We will first begin with an “interface file” which
contains a mixture of basic Dylan code and define interface
forms which will be processed by Melange. We will name this file
dirent.intr
.
module: Junk
synopsis: A poor imitation of "ls"
define library junk
use dylan;
use streams;
end library junk;
define module junk
use dylan;
use extensions;
use extern;
use streams;
use standard-io;
end module junk;
define interface
// This clause is more complex than it needs to be, but it does
// demonstrate a lot of Melange's features.
#include "/usr/include/sys/dirent.h",
equate: {"char /* Any C declaration is legal */ *" => <c-string>},
map: {"char *" => <byte-string>},
// The two functions require callbacks, which we don't support.

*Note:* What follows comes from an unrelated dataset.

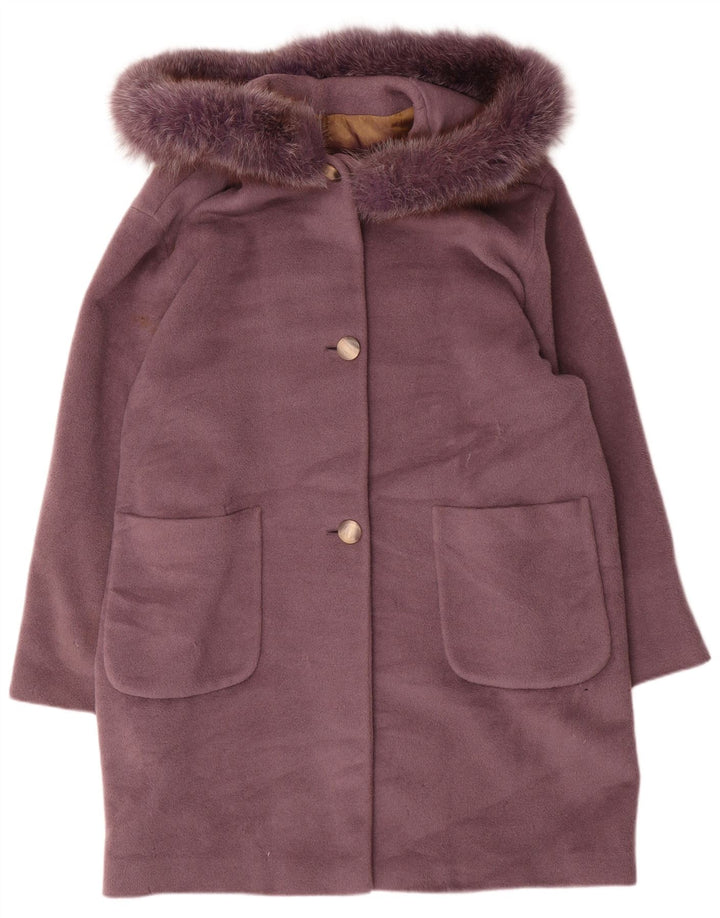 Γυναικείο Πανωφόρι Armorica Hooded Oversized IT 46 Large Purple Wool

exclude: {"scandir", "alphasort", "struct _dirdesc"},
seal-functions: open,
read-only: #t,
name-mapper: minimal-name-mapping;
function "opendir", map-argument: {#x1 => <string>};
function "telldir" => tell, map-result: <integer>;
struct "struct dirent",
prefix: "dt-",
exclude: {"d_namlen", "d_reclen"};
end interface;
define method main (program, #rest args)
for (arg in args)
let dir = opendir(arg);
for (entry = readdir(dir) then readdir(dir),
until entry = $null-pointer)
write-line(entry.dt-d-name, *standard-output*);
end for;
closedir(dir);
end for;
end method main;
We will then process this file through Melange to produce a file of pure Dylan code. Melange can be invoked like this:
melange dirent.intr dirent.dylan
This command will process dirent.intr
and write a file
named dirent.dylan
.
You can compile dirent.dylan
normally within a Dylan library.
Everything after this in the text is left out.